There are some proofs that this number triangle was familiar to the Arab astronomer, poet and mathematician Omar Khayyam as early as the XI century. Most probably the number triangle came to Europe from China through Arabia. The Chinese representation of the binomial coefficients, often equally called Pascal`s Triangle being found in his work published for the first time after his death ( in 1665 ) and dealing with figurate numbers, is found for the first time on the title page of the European Arithmetic written by Appianus, in 1527.
Blaise Pascal was not the first man in Europe to study the binomial coefficients, and never claimed to be such; indeed, both Blaise Pascal and his father Etienne had been in correspondence with Father Marin Mersenne, who published a book with a table of binomial coefficients in 1636. Many authors discussed the ideas with respect to expansions of binomials, answers to combinatorial problems and figurate numbers, numbers relating to figures such as triangles, squares, tetrahedra and pyramids.
In 1407 an edition of Jordanus' de Arithmetica contains the following table.
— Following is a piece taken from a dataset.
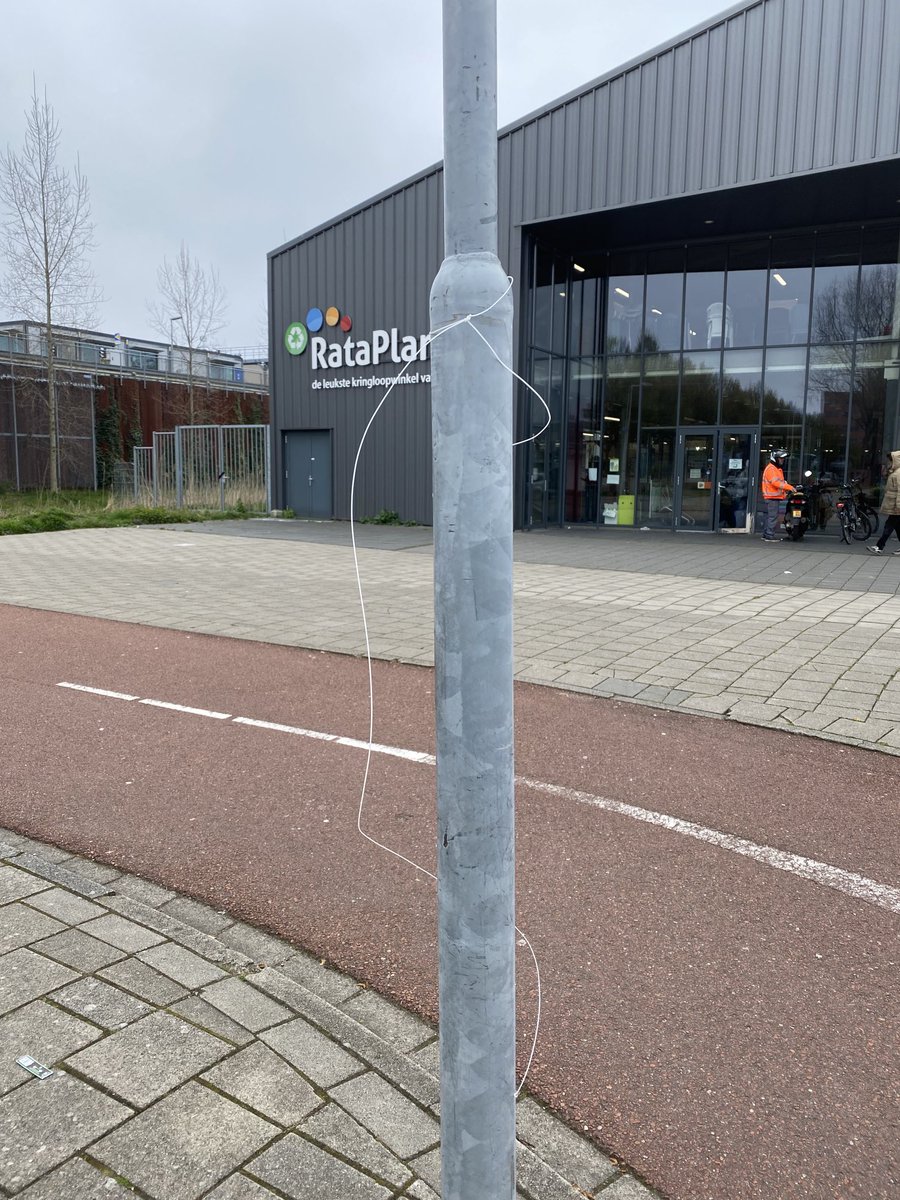 Zojuist ter nauwernood niet onthoofd door deze gespannen draad op nek hoogte 😳 Zorgwekkend deze jonge jongens bij isolatorweg. Automobilist vroeg draad weg te halen waardoor ik NET op tijd stopte.We kregen daarna nog stenen naar ons. ⁦⁦<a href="/POL_Amsterdam/">Politie Eenheid Amsterdam</a>⁩ even opletten hier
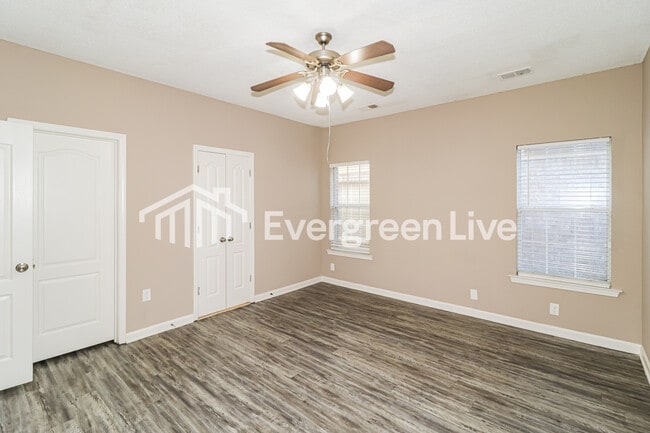 Building Photo - 10178 Sorrento Pl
1523: Nicolo Tartaglia first publishes the generalization of the figurate numbers. Some 30 years later, in his General Treatise, he publishes the Triangle in table form. Tartaglia is the first mathematician to publish a general formula for solving cubic equations. His name in Italian means "stammerer". This cruel nickname was given to him after severe facial wounds he suffered at the age of twelve when attacked by a soldier invading his hometown of Brescia nearly killed him; these wounds left him able to speak only with difficulty for the rest of his life.
1539: Gerolamo Cardano, the Italian algebraist, correctly determines that the number of ways to take 2 or more things from a set of n things is 2ⁿ-n-1.
1544: The German mathematician Michael Stifel publishes the extended Figurate Triangle in the figure shown below. Stifel gives credit to Cardano's work published five years earlier.

1591: François Viéte gives names to the first few columns of the Triangle in Latin; "numeri trianguli", "pyramidales", "triangulo-trianguli", "triangulo-pyramidales" These names are also used in the next century by Pierre de Fermat, who was Pascal's main correspondent in solving the Problem of Points, and William Oughtred, a British mathematician who influences many of his countrymen who come after him.
1631: William Oughtred publishes his Clavis Mathematicae, which influences his student John Wallis and is later owned in a 3rd edition printing by Isaac Newton; both Wallis and Newton are instrumental in the work that connects the binomial coefficients to the new field of calculus later in this century.
1633: The lifetime work of Henry Briggs entitled Trigonometria Britannica is published two years after his death by his friend Henry Gellibrand; he has a chapter on the figurate numbers, which he refers to as "the calcuator of many uses".
1636: Father Marin Mersenne publishes his Harmonicorum Libri XII; Mersenne in his life meets with both Blaise Pascal and his father Etienne, and there is little doubt both of them read the book and saw this table.

In 1654 Blaise Pascal entered into correspondence with Pierre de Fermat of Toulouse about some problems in calculating the odds in games of chance, as a result of which he wrote the Traité du triangle arithmétique, avec quelques autres petits traitez sur la mesme matiére, probably in August of that year. Not published until 1665, this work, and the correspondence itself which was published in 1679, is the basis of Pascal`s reputation in probability theory as the originator of the concept of expectation and its use recursively to solve the `Problem of Points`, as well as the justification for calling the arithmetical triangle `Pascal`s triangle`.